Monday, February 5, 2007

Congresswoman Liza Largoza Maza's Privilege Speech against POEA's New Rules & Guidelines on HHWs

Privilege Speech of
Rep. Liza Largoza Maza
Congresswoman
Re: New POEA Guidelines: Super “Kotong
[1]” for OFWs
January 30, 2007

Mr. Speaker,


I rise on a matter of personal and collective privilege. This is about the new guidelines of the Philippine Overseas Employment Administration regarding deployment of Filipino Household Service Workers.

Last Saturday I went to Hong Kong upon the invitation of the United Filipinos to speak in their meeting and also to consult with the members of the Gabriela Women’s Party in the said country.
At the NAIA
[2], I was held for a while at the airport immigration because of a standing travel hold order for being one of the Batasan 6, courtesy of the Department of Justice. But because I was able to secure a court order saying I could travel to Hong Kong, I was allowed to leave finally.
Habang naghihintay ako sa immigration area ng resulta kung ako ba ay makakapunta sa Hong Kong o hindi, naisip ko ang sitwasyon ng ating mga Overseas Filipino workers na naharang sa immigration at hindi pinayagang maka-alis sapagka’t hindi sila nakapagpakita ng mga dokumentong kinakailangan batas sa bagong “guidelines” ng Philippine Overseas Employment Administration (POEA) sa pag-deploy ng ating mga Household Service Workers sa ibang bansa.
[3]

Mr.

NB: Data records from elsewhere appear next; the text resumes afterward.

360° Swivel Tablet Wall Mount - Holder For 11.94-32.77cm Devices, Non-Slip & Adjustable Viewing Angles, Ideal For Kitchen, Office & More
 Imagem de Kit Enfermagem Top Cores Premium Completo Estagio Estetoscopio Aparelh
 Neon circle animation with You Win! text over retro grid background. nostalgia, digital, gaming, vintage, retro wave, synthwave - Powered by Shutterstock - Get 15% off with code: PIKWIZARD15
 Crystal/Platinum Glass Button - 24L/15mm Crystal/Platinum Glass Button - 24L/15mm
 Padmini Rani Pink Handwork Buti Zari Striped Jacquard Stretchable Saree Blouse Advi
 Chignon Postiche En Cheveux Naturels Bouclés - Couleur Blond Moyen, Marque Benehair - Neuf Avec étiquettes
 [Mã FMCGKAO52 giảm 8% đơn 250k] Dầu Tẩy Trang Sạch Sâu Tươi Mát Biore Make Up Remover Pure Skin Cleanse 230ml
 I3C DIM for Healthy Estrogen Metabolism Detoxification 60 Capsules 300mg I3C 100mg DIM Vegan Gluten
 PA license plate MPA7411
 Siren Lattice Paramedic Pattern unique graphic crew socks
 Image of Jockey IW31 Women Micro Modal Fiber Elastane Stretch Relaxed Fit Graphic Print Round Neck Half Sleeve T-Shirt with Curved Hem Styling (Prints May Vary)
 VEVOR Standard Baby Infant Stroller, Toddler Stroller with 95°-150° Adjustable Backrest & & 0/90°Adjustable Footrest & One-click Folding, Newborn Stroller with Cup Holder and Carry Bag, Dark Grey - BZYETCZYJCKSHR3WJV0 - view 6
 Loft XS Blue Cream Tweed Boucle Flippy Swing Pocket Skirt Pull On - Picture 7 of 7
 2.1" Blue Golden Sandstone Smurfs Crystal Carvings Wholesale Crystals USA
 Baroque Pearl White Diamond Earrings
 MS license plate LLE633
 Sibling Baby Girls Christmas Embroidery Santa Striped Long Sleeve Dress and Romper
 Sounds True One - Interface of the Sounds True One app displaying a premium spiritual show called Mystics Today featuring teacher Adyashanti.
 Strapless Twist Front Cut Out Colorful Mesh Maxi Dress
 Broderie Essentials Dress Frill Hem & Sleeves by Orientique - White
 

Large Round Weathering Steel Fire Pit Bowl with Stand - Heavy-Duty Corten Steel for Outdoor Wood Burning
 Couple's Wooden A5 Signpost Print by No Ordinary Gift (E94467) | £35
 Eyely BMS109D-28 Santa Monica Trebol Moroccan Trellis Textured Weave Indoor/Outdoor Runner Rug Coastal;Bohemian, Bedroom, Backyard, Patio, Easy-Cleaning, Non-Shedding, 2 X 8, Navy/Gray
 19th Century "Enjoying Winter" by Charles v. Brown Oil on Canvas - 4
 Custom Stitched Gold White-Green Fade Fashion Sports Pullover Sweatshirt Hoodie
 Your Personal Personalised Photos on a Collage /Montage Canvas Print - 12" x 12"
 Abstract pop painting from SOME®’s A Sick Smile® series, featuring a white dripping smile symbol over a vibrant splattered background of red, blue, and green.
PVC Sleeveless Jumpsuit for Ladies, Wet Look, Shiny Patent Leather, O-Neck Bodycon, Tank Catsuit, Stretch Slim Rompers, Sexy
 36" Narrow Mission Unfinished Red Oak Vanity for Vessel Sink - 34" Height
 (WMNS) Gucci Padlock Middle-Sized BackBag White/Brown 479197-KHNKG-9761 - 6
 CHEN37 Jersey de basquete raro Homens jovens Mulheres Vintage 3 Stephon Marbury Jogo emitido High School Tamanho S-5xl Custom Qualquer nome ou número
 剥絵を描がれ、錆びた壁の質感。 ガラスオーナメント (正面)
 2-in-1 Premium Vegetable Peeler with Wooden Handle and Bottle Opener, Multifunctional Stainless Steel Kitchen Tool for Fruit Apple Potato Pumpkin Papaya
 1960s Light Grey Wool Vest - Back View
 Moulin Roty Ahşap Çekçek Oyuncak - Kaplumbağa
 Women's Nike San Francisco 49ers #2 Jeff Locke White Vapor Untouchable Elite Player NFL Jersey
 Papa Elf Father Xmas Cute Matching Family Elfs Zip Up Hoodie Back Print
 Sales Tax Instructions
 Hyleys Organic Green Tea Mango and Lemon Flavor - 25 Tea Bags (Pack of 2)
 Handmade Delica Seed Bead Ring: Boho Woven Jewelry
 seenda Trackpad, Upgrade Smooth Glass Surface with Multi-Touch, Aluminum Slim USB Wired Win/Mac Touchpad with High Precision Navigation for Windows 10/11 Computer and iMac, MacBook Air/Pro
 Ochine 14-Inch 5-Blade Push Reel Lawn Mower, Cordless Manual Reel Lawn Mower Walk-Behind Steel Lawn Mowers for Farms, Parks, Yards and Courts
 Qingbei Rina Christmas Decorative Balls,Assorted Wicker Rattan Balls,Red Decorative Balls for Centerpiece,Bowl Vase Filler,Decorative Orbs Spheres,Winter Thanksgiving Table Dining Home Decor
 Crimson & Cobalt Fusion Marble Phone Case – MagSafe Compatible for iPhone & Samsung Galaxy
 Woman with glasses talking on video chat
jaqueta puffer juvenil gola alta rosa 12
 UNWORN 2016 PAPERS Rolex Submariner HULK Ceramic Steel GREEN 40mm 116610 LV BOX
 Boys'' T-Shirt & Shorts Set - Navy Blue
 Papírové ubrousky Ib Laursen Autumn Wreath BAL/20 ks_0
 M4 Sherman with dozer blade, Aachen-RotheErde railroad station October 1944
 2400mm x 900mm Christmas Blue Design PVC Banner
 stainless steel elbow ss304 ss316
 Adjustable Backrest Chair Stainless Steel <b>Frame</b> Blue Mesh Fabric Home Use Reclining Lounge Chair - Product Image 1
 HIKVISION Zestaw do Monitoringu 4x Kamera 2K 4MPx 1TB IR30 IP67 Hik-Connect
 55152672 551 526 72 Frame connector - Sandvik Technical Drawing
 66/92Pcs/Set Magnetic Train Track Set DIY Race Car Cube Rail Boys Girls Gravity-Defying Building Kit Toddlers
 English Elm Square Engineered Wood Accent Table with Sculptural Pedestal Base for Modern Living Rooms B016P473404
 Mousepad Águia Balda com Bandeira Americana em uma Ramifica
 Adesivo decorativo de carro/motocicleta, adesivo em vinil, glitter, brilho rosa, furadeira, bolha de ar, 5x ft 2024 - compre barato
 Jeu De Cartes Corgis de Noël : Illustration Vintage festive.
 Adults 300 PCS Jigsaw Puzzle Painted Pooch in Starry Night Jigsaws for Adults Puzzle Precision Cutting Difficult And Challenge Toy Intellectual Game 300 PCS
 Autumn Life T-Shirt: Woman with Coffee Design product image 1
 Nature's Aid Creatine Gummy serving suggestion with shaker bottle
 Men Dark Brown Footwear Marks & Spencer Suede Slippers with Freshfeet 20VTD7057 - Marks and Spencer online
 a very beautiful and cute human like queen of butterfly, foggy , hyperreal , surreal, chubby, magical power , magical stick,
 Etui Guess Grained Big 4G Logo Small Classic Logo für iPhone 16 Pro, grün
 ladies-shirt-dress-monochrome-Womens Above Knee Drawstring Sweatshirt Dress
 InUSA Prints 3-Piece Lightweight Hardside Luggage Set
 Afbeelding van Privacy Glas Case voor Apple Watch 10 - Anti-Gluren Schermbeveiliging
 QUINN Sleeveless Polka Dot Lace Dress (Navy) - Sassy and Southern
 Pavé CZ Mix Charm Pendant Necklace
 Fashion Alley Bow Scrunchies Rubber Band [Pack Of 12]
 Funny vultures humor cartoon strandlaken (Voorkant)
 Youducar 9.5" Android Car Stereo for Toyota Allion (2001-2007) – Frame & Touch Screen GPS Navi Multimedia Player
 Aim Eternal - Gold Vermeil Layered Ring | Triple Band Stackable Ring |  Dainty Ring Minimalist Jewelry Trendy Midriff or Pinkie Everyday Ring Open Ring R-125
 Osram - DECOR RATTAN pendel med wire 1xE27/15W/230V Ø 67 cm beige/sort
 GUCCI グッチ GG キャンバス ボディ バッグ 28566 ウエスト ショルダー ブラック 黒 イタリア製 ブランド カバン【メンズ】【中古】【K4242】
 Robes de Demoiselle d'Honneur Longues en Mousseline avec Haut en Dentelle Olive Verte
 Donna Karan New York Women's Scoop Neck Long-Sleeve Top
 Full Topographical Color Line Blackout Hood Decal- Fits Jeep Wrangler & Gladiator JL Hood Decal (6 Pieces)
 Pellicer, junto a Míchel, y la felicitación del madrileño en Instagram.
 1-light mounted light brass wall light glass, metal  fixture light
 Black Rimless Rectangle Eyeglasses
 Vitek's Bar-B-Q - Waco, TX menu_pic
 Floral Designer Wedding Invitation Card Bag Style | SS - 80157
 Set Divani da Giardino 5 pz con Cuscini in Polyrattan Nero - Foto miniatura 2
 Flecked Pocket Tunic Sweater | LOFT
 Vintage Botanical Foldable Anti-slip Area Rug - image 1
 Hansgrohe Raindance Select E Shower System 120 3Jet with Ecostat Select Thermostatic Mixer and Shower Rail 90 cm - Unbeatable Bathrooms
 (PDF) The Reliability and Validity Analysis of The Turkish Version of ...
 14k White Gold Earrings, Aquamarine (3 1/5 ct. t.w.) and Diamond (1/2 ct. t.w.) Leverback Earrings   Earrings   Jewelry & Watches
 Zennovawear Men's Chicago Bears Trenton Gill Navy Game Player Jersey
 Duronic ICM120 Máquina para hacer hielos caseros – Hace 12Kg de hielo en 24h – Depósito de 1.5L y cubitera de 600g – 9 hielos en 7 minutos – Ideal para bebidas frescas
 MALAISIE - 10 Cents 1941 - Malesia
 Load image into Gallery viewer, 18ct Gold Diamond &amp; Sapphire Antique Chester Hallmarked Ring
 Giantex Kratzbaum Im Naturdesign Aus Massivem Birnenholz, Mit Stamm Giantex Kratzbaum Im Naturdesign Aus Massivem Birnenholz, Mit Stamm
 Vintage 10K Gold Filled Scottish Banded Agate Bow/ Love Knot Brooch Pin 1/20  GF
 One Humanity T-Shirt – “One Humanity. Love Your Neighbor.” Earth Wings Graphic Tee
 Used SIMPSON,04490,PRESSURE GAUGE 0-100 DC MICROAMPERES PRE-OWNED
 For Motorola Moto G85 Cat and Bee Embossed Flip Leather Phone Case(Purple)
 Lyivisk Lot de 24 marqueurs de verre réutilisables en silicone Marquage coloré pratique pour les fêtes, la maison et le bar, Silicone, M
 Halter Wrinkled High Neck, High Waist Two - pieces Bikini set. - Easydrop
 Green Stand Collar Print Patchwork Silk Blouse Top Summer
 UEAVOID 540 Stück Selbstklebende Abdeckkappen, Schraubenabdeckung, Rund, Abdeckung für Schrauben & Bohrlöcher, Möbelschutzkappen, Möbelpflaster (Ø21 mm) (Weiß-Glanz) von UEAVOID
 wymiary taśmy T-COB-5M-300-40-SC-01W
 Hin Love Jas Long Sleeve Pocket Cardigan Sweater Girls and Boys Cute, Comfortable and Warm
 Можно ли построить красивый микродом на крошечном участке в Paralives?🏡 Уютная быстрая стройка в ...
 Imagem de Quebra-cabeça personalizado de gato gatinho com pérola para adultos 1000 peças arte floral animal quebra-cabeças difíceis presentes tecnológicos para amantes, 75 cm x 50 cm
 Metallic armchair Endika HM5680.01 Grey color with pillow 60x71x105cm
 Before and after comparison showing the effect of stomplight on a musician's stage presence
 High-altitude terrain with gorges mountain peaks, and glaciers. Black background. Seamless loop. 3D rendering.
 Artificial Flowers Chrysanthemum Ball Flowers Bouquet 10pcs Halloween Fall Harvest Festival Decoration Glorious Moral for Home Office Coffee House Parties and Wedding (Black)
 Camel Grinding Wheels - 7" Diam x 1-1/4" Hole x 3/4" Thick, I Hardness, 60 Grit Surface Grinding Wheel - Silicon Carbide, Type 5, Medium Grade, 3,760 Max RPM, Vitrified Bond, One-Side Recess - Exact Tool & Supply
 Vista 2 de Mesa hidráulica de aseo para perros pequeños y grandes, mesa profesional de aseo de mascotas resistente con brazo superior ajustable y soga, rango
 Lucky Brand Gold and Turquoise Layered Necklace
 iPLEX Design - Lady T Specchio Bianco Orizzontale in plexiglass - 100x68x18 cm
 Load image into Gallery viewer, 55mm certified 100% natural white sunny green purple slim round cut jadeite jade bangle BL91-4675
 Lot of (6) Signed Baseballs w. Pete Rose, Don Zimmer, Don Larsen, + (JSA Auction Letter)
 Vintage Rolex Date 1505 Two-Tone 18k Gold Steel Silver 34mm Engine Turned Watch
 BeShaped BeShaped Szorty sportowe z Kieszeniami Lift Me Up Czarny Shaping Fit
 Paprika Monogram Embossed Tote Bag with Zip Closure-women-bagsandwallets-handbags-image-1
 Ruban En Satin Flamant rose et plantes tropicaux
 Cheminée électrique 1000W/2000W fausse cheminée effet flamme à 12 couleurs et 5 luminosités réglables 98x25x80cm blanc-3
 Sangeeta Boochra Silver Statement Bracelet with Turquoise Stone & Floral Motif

Speaker, the new POEA guidelines, which apparently took effect on December 16, 2006, now require household service workers, to present in additional to other documents, the National Certificate for Household Service Workers issued by the Technical Education and Skills Development authority (TESDA) and the Country Specific Language and Culture Certificate of Competence or Certificate of Attendance issued by the Overseas Workers Welfare Administration (OWWA) before they could leave the country and work as domestic helpers abroad.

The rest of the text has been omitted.